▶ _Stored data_
%%
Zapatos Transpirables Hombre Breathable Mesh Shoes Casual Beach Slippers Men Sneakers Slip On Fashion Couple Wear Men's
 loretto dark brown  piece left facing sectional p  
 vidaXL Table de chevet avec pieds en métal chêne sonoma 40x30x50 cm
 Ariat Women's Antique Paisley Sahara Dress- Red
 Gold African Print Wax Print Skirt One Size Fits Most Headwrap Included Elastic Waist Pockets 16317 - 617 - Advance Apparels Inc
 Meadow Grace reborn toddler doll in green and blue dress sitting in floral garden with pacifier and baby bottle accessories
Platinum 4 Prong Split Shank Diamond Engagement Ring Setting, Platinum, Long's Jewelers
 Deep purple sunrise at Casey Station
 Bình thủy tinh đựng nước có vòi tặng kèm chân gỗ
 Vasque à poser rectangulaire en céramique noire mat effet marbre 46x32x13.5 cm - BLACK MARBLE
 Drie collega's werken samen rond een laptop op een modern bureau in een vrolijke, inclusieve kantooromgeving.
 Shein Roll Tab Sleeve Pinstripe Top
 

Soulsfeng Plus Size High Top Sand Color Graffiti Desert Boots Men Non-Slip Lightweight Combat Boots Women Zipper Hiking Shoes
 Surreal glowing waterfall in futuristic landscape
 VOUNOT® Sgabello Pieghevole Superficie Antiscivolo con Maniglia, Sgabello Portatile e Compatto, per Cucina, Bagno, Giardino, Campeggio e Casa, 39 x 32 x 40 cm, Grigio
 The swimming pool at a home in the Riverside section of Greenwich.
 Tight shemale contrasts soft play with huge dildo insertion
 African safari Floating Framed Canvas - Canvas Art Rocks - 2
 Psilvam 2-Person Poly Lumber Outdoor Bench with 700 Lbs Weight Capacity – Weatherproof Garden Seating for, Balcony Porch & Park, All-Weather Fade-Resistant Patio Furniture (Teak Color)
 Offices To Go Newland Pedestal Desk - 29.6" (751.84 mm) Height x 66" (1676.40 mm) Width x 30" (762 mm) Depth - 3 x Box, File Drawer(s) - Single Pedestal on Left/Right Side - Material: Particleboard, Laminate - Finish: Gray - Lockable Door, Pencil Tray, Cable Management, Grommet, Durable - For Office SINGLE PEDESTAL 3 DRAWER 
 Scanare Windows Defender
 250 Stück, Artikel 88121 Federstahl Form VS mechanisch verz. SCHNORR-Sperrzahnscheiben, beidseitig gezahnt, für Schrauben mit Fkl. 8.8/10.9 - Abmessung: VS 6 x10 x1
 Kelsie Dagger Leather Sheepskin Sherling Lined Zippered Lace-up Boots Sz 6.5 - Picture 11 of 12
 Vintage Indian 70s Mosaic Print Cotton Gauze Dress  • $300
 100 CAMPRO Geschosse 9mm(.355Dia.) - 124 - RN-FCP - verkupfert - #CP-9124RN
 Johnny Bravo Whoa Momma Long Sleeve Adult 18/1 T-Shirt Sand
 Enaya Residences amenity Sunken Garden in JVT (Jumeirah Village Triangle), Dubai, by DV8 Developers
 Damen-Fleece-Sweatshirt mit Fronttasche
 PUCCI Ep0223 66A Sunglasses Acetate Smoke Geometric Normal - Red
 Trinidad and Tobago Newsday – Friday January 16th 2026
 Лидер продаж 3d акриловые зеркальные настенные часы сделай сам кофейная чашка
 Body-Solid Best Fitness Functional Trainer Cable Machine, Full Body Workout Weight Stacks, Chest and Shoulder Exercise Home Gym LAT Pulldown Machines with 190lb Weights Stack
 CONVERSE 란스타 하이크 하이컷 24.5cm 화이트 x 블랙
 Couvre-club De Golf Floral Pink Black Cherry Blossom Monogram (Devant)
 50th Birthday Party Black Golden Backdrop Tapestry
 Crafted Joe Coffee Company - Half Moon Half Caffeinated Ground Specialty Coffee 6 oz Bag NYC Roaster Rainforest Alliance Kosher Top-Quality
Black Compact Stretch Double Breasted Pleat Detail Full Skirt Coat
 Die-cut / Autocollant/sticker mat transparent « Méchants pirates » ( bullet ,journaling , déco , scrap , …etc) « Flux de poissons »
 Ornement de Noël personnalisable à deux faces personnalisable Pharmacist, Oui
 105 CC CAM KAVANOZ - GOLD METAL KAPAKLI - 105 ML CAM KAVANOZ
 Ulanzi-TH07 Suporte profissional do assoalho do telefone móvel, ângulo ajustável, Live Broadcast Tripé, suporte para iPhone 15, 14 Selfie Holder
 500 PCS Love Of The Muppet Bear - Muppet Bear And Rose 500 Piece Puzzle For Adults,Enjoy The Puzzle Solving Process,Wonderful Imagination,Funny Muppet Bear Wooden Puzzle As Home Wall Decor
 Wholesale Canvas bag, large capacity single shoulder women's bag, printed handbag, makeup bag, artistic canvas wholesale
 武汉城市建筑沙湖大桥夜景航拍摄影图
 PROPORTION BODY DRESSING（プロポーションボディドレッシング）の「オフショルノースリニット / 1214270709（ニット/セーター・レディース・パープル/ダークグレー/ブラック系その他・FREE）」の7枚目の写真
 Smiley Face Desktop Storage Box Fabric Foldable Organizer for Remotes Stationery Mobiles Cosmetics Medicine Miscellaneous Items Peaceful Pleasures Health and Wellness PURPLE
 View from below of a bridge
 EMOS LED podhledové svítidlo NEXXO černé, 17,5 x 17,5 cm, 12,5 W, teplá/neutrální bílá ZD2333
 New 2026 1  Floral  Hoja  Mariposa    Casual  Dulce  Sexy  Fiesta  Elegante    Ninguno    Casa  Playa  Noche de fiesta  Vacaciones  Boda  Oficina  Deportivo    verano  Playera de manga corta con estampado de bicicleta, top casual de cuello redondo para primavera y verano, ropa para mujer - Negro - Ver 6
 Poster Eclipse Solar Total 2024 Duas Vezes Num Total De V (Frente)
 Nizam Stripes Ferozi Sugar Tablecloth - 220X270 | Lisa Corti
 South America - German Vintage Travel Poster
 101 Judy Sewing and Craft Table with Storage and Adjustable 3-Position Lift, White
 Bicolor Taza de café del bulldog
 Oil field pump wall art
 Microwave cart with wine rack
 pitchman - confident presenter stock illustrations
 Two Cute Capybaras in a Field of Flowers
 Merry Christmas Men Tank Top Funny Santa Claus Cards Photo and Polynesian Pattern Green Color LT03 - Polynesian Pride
%%
Transcribe only, please, the lines from the first line of the records through the line with "Gold African Print". Both of those lines are included.

Zapatos Transpirables Hombre Breathable Mesh Shoes Casual Beach Slippers Men Sneakers Slip On Fashion Couple Wear Men's
 loretto dark brown  piece left facing sectional p  
 vidaXL Table de chevet avec pieds en métal chêne sonoma 40x30x50 cm
 Ariat Women's Antique Paisley Sahara Dress- Red
 Gold African Print Wax Print Skirt One Size Fits Most Headwrap Included Elastic Waist Pockets 16317 - 617 - Advance Apparels Inc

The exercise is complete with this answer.